I would expect context.min = 0 in these examples.

Hey Sushanth,
Actually, amount can be negative since we can sell shares by shorting them. So in this case, we are effectively borrowing a security to sell with the expectation that the price will fall. It's sort of a weird concept at first.

Gus

Sushanth,
think like if you are very confident that the stock price of a stock will drop soon. So you'll borrow the stock @ Px= 100.00 USD and you pay a set interest on the borrowing (for simplicity let's assume the borrowing rate is irrelevant). As you borrow the position you immediately sell the same position @ Px=100.00 USD in the market.
Let's assume you were right and the price of the stock do drop let's say @ Px = 50.00 USD.
Then, you buy back the stock at Px=50.00 USD and cover your short position (give back your borrowed position). Effectively you have earned 50.00 USD, assuming interest on your borrowing is irrelevant. On the flip side, stock Px can go up, in which case I'll let you figure out the impact :)

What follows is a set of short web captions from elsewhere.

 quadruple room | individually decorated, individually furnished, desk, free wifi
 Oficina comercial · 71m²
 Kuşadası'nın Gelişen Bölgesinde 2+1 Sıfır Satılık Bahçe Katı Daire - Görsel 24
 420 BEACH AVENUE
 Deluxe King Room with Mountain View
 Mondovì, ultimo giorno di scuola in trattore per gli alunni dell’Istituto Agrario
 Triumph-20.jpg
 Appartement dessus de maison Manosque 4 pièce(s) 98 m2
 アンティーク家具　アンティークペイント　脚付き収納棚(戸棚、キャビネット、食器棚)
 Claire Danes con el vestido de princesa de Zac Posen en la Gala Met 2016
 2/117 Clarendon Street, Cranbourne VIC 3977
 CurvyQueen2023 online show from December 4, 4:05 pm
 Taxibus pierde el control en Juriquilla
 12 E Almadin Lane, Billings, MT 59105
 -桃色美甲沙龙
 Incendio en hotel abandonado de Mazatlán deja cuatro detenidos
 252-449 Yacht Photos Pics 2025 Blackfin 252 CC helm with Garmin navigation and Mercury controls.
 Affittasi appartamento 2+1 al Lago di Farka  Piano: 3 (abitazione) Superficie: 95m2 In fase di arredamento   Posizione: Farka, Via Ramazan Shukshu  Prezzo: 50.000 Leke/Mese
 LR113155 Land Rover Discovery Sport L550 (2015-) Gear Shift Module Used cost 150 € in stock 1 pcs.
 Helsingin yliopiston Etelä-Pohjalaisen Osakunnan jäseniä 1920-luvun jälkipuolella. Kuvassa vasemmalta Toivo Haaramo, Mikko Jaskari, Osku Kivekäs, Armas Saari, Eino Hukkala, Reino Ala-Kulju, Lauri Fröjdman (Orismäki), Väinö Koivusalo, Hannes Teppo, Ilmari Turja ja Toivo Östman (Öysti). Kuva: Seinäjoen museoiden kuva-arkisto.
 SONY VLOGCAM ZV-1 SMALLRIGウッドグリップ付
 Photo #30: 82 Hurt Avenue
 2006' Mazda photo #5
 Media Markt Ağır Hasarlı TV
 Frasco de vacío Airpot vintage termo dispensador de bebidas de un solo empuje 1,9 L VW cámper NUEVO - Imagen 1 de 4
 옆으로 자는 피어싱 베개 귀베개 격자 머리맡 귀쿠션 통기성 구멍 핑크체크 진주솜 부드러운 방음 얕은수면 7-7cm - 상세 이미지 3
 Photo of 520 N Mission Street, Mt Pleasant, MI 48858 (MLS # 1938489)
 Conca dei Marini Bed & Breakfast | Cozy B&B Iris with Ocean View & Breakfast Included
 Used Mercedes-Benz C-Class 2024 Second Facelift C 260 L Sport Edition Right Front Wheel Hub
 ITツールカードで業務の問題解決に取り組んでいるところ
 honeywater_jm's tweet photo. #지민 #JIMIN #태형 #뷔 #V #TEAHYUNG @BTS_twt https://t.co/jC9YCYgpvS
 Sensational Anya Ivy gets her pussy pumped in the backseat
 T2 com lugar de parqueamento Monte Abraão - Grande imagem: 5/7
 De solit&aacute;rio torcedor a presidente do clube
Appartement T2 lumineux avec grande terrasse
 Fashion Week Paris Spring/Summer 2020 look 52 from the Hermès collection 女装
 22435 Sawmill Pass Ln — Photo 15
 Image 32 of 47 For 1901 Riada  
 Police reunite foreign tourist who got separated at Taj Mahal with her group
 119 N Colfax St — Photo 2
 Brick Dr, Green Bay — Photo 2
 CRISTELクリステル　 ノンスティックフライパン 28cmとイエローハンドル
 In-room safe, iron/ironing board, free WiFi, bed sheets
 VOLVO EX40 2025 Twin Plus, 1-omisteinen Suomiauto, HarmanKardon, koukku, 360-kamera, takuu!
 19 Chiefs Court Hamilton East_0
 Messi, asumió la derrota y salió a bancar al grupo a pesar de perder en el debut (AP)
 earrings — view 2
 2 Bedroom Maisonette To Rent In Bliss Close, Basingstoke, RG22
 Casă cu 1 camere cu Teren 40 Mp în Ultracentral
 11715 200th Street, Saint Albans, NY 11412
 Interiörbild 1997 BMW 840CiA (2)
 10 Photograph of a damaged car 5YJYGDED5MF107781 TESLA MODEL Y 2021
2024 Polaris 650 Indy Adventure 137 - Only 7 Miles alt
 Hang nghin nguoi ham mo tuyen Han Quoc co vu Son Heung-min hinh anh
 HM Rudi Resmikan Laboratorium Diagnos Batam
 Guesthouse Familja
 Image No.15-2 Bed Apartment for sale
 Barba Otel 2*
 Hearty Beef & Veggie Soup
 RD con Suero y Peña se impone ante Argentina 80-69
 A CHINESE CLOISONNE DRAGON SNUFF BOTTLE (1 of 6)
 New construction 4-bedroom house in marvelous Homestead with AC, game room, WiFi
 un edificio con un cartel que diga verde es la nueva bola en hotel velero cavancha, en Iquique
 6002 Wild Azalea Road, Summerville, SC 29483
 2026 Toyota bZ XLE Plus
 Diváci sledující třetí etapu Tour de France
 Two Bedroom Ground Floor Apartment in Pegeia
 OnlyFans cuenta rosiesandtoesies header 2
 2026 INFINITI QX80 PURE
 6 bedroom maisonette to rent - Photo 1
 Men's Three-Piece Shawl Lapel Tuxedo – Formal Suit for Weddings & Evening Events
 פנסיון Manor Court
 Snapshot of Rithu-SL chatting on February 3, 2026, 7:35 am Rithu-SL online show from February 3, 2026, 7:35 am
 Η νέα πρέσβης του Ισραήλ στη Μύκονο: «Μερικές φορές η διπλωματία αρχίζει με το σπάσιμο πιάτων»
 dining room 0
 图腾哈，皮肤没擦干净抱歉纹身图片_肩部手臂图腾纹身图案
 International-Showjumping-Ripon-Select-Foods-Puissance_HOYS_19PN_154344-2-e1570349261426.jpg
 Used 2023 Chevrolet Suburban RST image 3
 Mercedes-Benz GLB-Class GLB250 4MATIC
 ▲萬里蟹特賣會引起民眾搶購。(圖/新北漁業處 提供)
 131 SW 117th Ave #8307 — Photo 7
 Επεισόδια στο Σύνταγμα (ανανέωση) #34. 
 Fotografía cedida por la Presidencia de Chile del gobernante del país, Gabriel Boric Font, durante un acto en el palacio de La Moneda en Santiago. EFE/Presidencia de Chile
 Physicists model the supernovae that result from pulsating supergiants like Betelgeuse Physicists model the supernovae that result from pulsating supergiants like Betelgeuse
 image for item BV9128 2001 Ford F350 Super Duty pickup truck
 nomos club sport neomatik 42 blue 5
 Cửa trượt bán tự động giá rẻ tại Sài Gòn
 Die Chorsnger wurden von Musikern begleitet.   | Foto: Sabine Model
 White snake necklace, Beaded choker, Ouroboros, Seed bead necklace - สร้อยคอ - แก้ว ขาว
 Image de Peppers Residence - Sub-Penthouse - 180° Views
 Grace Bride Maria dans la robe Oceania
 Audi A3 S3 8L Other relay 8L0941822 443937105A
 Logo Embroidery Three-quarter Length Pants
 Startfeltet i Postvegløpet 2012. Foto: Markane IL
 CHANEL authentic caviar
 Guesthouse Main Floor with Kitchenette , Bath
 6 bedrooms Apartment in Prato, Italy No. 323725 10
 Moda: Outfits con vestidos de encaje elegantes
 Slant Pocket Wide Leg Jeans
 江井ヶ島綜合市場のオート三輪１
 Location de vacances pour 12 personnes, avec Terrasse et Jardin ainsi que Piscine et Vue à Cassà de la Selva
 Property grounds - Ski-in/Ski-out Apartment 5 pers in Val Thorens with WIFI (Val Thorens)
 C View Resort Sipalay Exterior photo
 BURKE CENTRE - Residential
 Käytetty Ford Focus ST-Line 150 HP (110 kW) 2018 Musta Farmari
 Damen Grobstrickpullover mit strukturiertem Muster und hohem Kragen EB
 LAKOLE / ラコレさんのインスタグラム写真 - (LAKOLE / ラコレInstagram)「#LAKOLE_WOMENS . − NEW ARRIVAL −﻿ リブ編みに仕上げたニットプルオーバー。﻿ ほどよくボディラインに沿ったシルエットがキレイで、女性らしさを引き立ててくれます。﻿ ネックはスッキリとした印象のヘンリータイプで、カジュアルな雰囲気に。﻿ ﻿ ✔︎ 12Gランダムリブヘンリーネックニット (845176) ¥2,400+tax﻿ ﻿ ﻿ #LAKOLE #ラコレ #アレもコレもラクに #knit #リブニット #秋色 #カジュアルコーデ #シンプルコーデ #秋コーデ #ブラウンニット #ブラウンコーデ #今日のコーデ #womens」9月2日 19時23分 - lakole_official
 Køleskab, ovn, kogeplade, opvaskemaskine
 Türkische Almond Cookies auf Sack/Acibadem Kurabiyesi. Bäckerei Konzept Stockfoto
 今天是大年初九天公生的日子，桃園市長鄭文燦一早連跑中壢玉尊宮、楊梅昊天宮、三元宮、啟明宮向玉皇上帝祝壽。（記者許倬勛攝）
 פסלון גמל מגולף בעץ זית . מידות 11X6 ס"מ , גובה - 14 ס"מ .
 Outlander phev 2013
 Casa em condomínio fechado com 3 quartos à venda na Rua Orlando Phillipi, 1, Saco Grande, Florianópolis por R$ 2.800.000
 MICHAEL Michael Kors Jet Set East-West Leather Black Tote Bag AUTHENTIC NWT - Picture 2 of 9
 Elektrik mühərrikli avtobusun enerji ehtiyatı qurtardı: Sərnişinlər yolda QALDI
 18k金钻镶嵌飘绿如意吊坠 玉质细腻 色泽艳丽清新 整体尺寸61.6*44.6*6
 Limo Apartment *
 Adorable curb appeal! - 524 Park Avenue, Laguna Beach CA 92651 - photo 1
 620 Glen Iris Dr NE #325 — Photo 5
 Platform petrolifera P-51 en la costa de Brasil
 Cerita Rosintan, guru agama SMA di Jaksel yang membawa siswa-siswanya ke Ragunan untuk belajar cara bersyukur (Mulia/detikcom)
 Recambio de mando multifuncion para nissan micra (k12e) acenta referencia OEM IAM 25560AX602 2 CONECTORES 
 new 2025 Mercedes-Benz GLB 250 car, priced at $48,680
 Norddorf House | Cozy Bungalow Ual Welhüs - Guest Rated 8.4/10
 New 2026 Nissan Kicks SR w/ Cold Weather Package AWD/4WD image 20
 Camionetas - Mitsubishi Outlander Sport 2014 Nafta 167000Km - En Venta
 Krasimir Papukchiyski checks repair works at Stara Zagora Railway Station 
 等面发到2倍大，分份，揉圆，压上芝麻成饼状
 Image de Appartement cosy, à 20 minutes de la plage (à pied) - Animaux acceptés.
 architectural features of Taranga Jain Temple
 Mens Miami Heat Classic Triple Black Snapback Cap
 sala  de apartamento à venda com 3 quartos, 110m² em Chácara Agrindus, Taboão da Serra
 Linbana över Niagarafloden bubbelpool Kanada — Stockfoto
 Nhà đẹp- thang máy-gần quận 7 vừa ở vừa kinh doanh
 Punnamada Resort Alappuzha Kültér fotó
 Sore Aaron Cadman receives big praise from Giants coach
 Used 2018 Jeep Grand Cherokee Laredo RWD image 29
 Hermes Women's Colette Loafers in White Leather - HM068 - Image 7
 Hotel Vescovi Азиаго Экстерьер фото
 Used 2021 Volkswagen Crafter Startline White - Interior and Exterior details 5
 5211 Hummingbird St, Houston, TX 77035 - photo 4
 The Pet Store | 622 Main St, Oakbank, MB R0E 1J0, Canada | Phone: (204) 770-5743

Sometimes have to wonder if the buying "on margin" is on purpose, the first algo spends 70 thousand over budget allocated and the last one goes in the hole nearly half a million within two years.
An example of a few lines you could add to your own code to watch out for that if it isn't your intention.

def initialize(context):  
    [ your code ]

    # make at least higher than gui setting  
    context.cashlow = 9999999999999

def handle_data(context, data):  
    [ your code ]

    cash = context.portfolio.cash  
    if cash < context.cashlow:  
        context.cashlow = cash  
        print cash  
        record(cashlow=cash)

2002-01-03 PRINT 1000000.0  
2002-11-26 PRINT 930191.999916  
2002-11-29 PRINT 836181.999884  
2002-12-02 PRINT 742261.999878  
2002-12-03 PRINT 649681.999869  
2002-12-04 PRINT 557286.999866  
2003-05-16 PRINT 465368.339466  
2003-05-19 PRINT 187748.339386  
2003-05-29 PRINT -3051.66063417  
2003-06-06 PRINT -102302.660638  
2003-06-09 PRINT -200444.660646  
2003-06-30 PRINT -298164.660658  
2003-08-05 PRINT -487601.660678

Wondering why there is such a variability in returns solely based off little changes in starting capital. I ran an elementary code (just equity buy orders) with a million dollars and it produced returns not even remotely close to the thousand dollar starting capital I had in another run. Is it the commission thats making the difference?

"with a million dollars and it produced returns not even remotely close to the thousand dollar starting capital I had in another run"

Here is the reason for that. So I use a run summary quite a bit.

Hello everyone. I am new to this and I try this algorithm. After I saw this algorithm's comments, I came across a problem. Suppose the algorithm's cash limit is 1000000 USD and in the algorithm's code we define context.max_notional = 1000000.1.
the code is:

      if price < vwap * 0.995 and notional > context.min_notional:  
              order(context.aapl,-100)  
          elif price > vwap * 1.005 and notional < context.max_notional:  
              order(context.aapl,+100)

Suppose I have cost my cash to buy shares and in the account only remain 1000 USD. If the code "order(context.aapl,+100) " work, and in order to buy 100 shares of aapl , I have to spend 2000 USD. The account cash's limit is 1000000 USD, after the "order(context.aapl,+100)" work, I spent 1001000 USD actually. I think this is a problem. Maybe I am wrong. Can you help me?